Lebih jauh, data menunjukkan hilirisasi di Indonesia tidak menambah geliat industri sebagaimana yang diharapkan. Kontribusi terbesar terhadap Produk Domestik Bruto (PDB) nasional pada kuartal II tahun 2023–2025 masih datang dari industri pengolahan. 

Pada Kuartal II/2025, industri pengolahan menyumbang kontribusi sebesar 18,67%. Pencapaian ini menurun dari tren kontribusi manufaktur terhadap PDB pada awal 2000-an yang bisa mencapai 30%.  

“Itu sekitar awal 2000-an tapi sekitar 2020-an sampai sekarang itu [kontribusi industri manufaktur] masih di bawah 20% gitu,” terang Gita. 

Berdasarkan laporan S&P Global Market, Purchasing Managers Index (PMI) manufaktur Indonesia terus mengalami fluktuasi selama setahun terakhir.

DataIndonesia memaparkan PMI manufaktur Indonesia tercatat 51,2 poin pada Oktober 2025. Sebelumnya, sempat mengalami kontraksi dari 51,5 poin pada Agustus 2025 menjadi 50,4 poin di September 2025.

“Satu tahun terakhir PMI Manufaktur ini juga cukup dinamis sih. Sempat kontraksi terus naik ke ekspansif, tapi turun lagi dan baru Agustus kemarin naik ke ekspansi. Tapi, kemudian Septembernya turun lagi,” jelas Gita.

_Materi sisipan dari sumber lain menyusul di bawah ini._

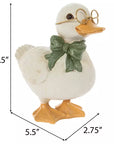 Duck Wearing Glasses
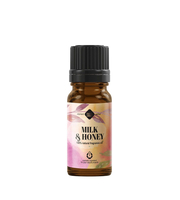 prirodno mirisno ulje za kozmetiku med i mlijeko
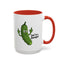 Adult Mug - Don't Be A Gherkinjerk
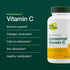 Fresh Nutrition Liposomal Vitamin C - 2000mg DNA Verified, All Natural Vegan Friendly Powder for Drinks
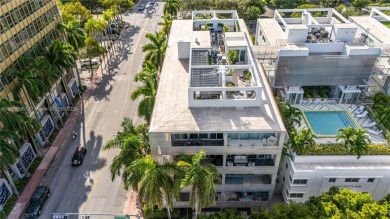 SOUTH BEACH CORNER PENTHOUSE LOFT | PRIVATE ROOFTOP AND DESIGNER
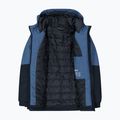 Vaikiška softshell striukė CMP 35Z1524 Fix Hood blue/bluestone 4
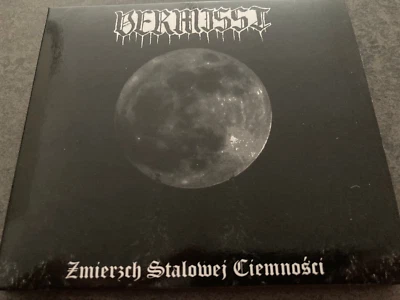 VERMISST - Zmierzch Stalowej Ciemności Digi-CD Kvist Manes Satyricon - Bild 1 von 2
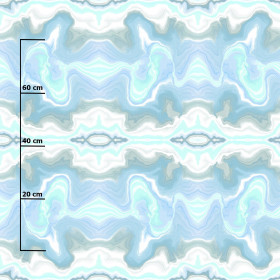 AQUARELL Ms. 6 - Viskose Webware
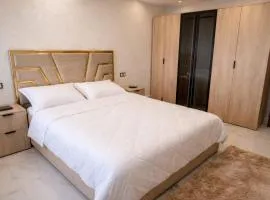 Modern and quiet apartment in Selouane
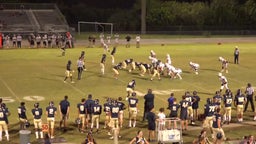 Anthonie Ames's highlights Palm Harbor University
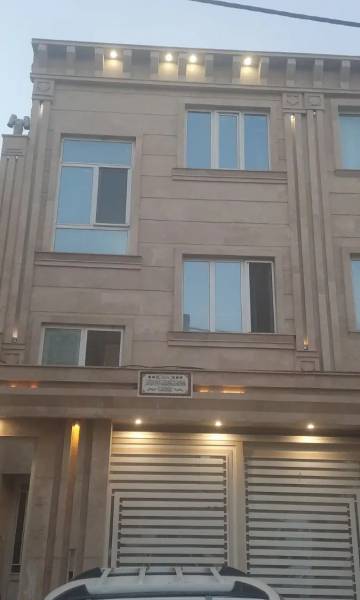 ویلایی ۲طبقه ونیم فول امکانات درکلهری ۲۱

Persoalannya, berdasarkan data yang sama, manufaktur Indonesia cukup tertinggal dibandingkan negara-negara kawasan Asia Tenggara lainnya. Thailand, misalnya, tercatat PMI berada di level 56,6 poin dan Vietnam 54,5 poin pada Oktober 2025.

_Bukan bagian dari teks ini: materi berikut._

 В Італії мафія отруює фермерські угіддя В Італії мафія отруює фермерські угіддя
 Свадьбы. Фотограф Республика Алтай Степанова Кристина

Berdasarkan pengamatan data-data tersebut, maka pemerintah perlu menggenjot agar hilirisasi bisa mendongkrak industri. Hanya saja, keduanya juga dibutuhkan bagi pembukaan luas lapangan kerja, agar Indonesia Emas bisa diwujudkan. Bukan sebaliknya, malah terjadi deindustrialisasi dini!